## [DATA FOR ANALYSIS]
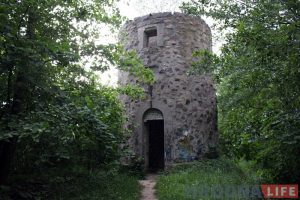 Старую вежу ў Румлёўскiм парку купляюць з аўкцыёну за 9000 долараў. Што там будзе - пакуль невядома Старую вежу ў Румлёўскiм парку купляюць з аўкцыёну за 9000 долараў. Што там будзе - пакуль невядома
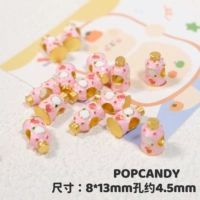 Вода из золотистого дна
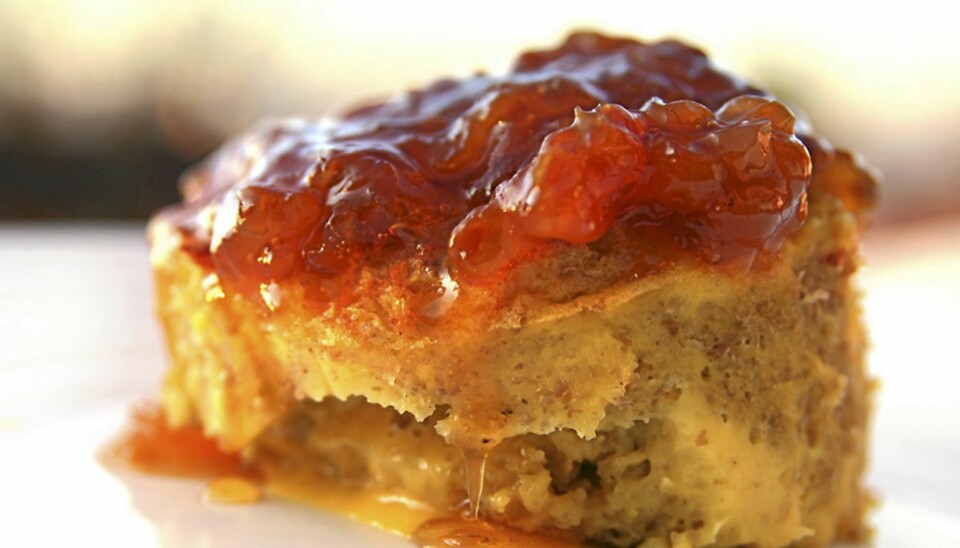 OPPSKRIFT PÅ BRØDPUDDING: Unn deg en herlig hverdagsdessert.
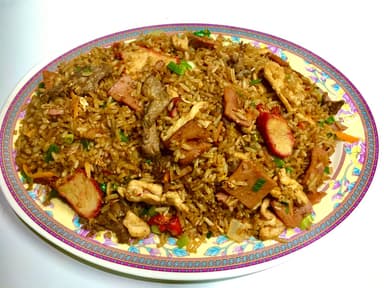 01. Arroz Cantonés medio 广东饭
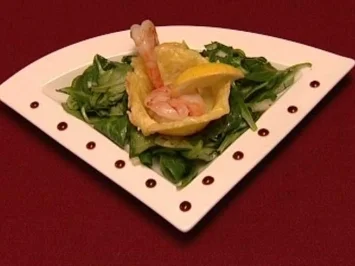 Mit Garnelen gefüllte Käsekörbchen auf Feldsalat (Linda Teodosiu) - Rezept
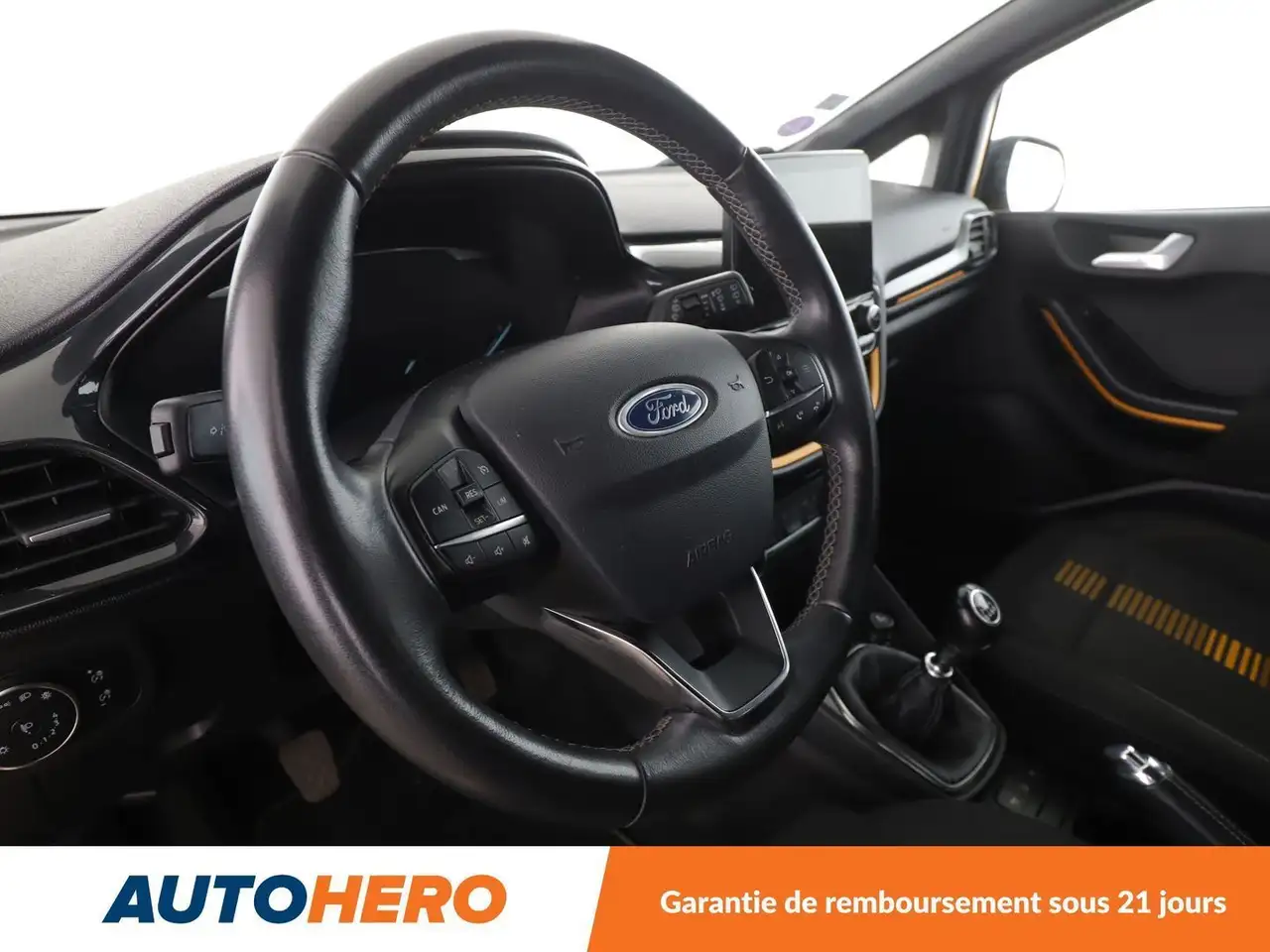 Ford Fiesta Active — photo 11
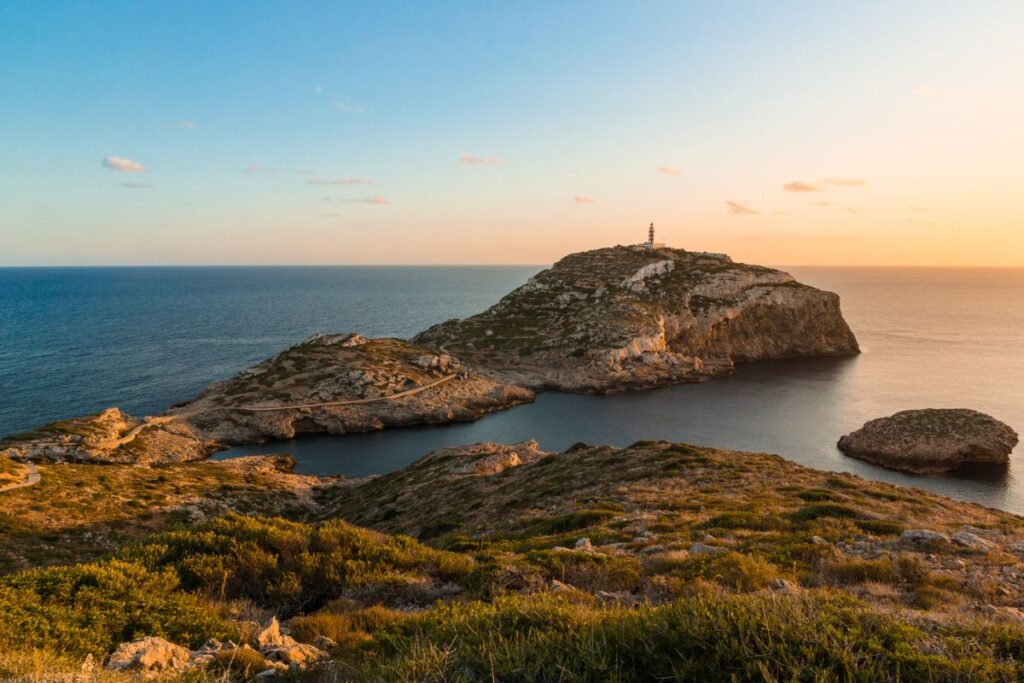 Blog hotel can bonico ses salines Mallorca - Mallorca's coastal caves_ exploring hidden gems by the sea - Cabrera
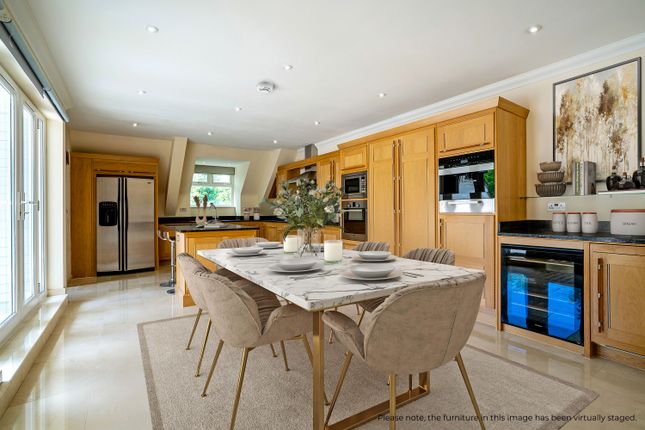 Apartment 14, Dorchester Mansions, Cross Road, Sunningdale photo 4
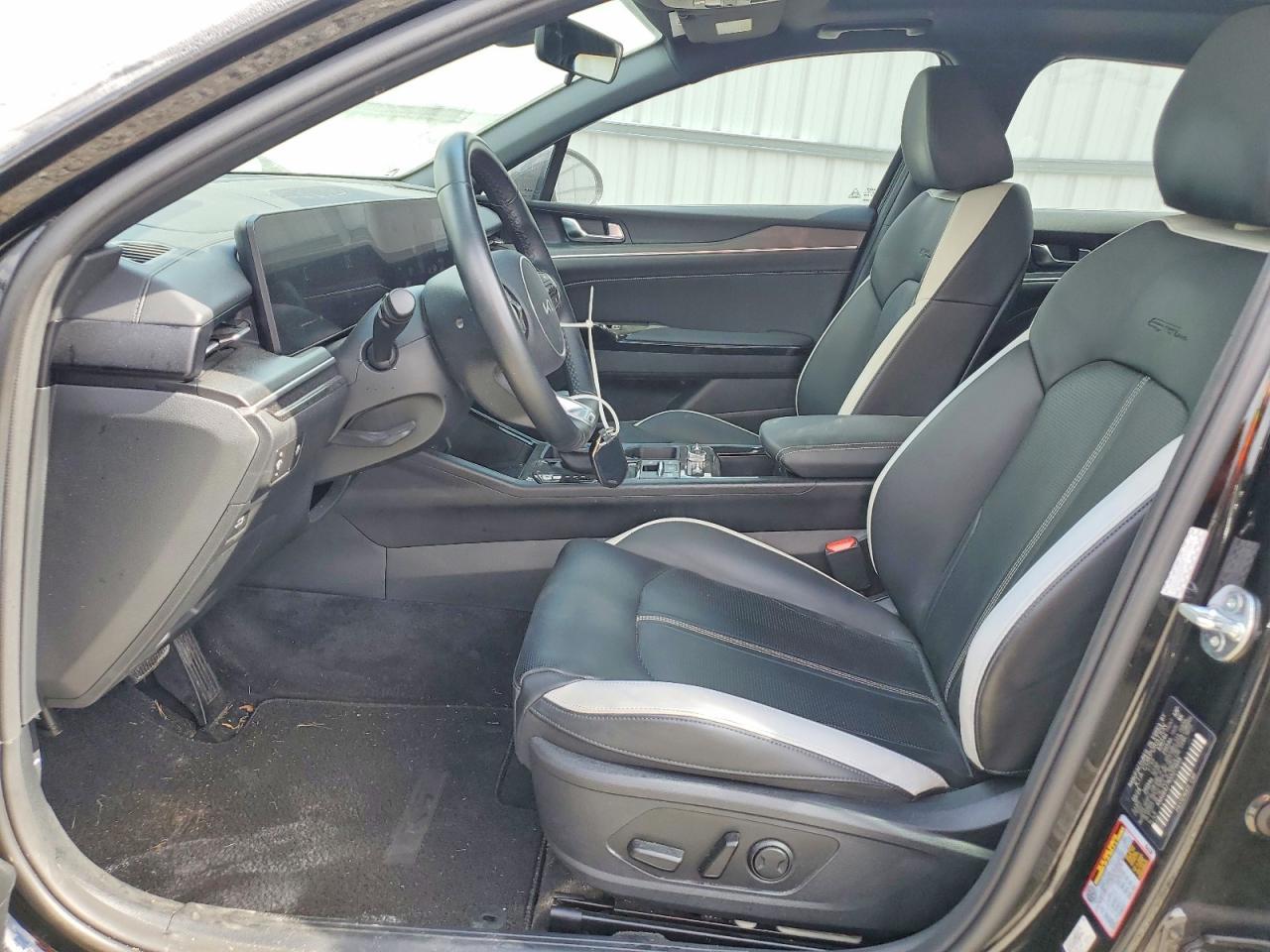 2025 Kia K5 - Image 7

## [WORK INSTRUCTION]
Retype the records above exactly, pictures omitted.

## [SOLUTION TO THIS PROBLEM]
 Старую вежу ў Румлёўскiм парку купляюць з аўкцыёну за 9000 долараў. Што там будзе - пакуль невядома Старую вежу ў Румлёўскiм парку купляюць з аўкцыёну за 9000 долараў. Што там будзе - пакуль невядома
 Вода из золотистого дна
 OPPSKRIFT PÅ BRØDPUDDING: Unn deg en herlig hverdagsdessert.
 01. Arroz Cantonés medio 广东饭
 Mit Garnelen gefüllte Käsekörbchen auf Feldsalat (Linda Teodosiu) - Rezept
 Ford Fiesta Active — photo 11
 Blog hotel can bonico ses salines Mallorca - Mallorca's coastal caves_ exploring hidden gems by the sea - Cabrera
 Apartment 14, Dorchester Mansions, Cross Road, Sunningdale photo 4
 2025 Kia K5 - Image 7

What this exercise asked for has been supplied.